Second, markets do not seem to have absorbed the inherent inconsistency of US economic policy. On the one hand, tariffs generate distrust among investors, as protectionism raises production costs, disrupts supply chains, and ultimately erodes productive potential. On the other hand, the US needs these same investors to finance an already rampant public deficit that will worsen with tax cuts. In other words, Trump's economic policy generates further imbalances while undermining investors' incentives to continue financing them.
The appreciation of the euro, a currency that has begun to act as a safe haven, could be a collateral victim of this contradiction. While the single currency has already appreciated, the adjustment could be greater as protectionist threats materialize. As many other currencies, including the yuan itself, tend to move in step with the dollar, the euro's appreciation will have a global impact and could be a much more costly factor for exporters than the tariffs themselves.

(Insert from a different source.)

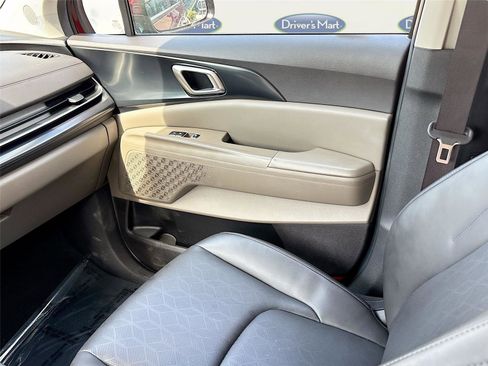 Used 2025 Kia Carnival FWD image 24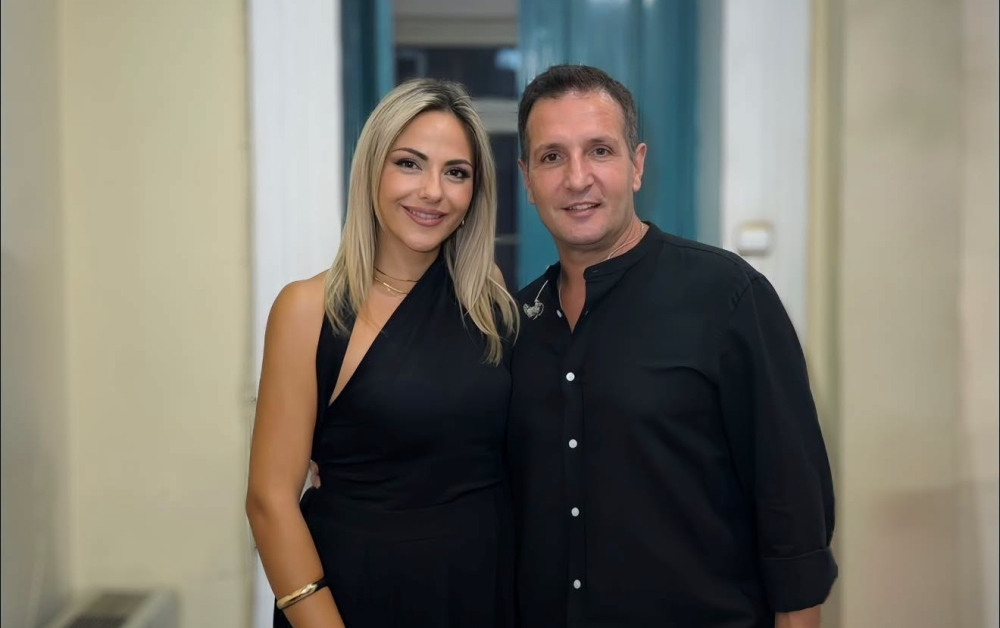 &Tau;&omicron; &kappa;&alpha;&lambda;&omicron;&kappa;&alpha;ί&rho;&iota; έ&kappa;&lambda;&epsilon;&iota;&sigma;&epsilon; &iota;&delta;&alpha;&nu;&iota;&kappa;ά &sigma;&tau;&eta;&nu; &pi;&alpha;&tau;&rho;ί&delta;&alpha; &tau;&eta;&sigmaf; &gamma;&iota;&alpha; &tau;&eta;&nu; &Epsilon;&lambda;. &Phi;&omicron;&upsilon;&nu;&tau;ά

Fortunately, the Spanish economy is relatively unaffected by both the escalation of tariffs and the consequences of the euro's appreciation against other currencies. This is because our trade flows primarily to the eurozone, with which we maintain a solid surplus. Given what is initially a favorable situation, however, the obstacle stems from the limited room for maneuver in our economic policy, with budgets prorogued indefinitely and a limited capacity to reach consensus on significant reforms or measures to offset the adversities of the international situation.
The single European currency was trading around $1.17 on Friday, 13% higher than the levels seen at the beginning of the year. The euro has also tended to appreciate against other currencies, such as the Chinese yuan (10.5%), making exports less competitive. The euro's appreciation is therefore almost universal and reflects an adjustment in capital movements, particularly in relation to portfolio investment, which has accelerated following the imposition of trade restrictions by the Trump administration in early April.